Task brief:
Within these entries, which lines include the string "White"? Copy each one.

Extracted material:
((

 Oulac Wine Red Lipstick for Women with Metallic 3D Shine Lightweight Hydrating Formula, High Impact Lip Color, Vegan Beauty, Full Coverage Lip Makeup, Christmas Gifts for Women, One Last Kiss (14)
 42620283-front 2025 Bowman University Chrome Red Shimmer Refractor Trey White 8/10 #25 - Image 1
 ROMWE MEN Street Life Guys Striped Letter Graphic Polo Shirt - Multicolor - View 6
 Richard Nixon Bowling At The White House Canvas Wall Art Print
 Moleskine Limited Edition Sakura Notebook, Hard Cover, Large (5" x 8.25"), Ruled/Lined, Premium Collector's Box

))
((

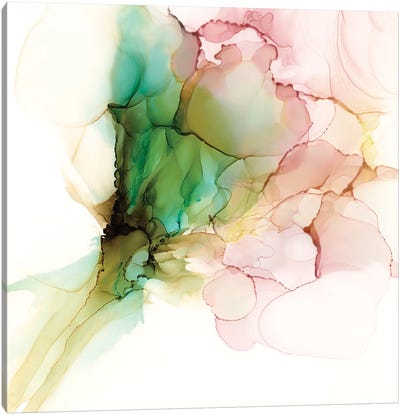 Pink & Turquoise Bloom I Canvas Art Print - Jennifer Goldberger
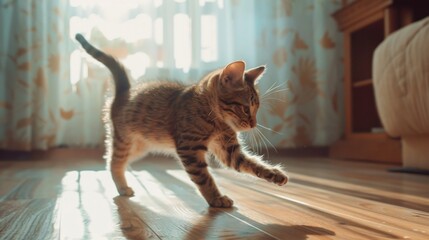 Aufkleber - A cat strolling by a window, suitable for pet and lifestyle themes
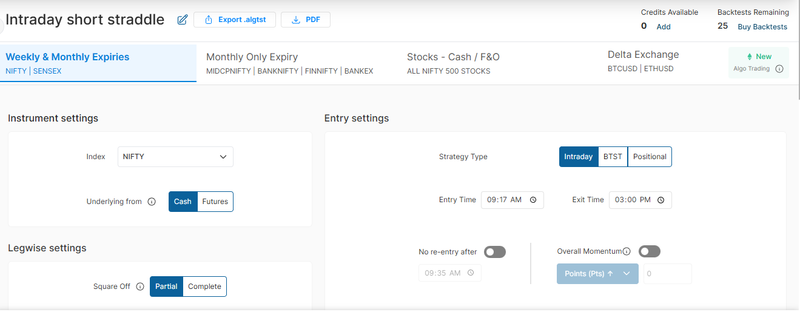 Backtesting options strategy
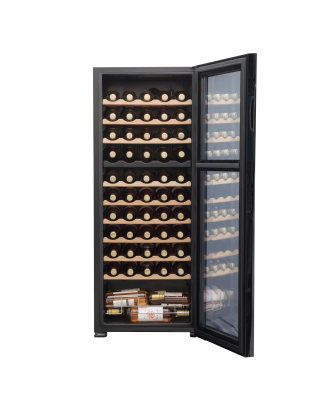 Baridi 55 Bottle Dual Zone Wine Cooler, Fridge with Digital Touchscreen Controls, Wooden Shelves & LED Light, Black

))

Answer to this task:
 42620283-front 2025 Bowman University Chrome Red Shimmer Refractor Trey White 8/10 #25 - Image 1
 Richard Nixon Bowling At The White House Canvas Wall Art Print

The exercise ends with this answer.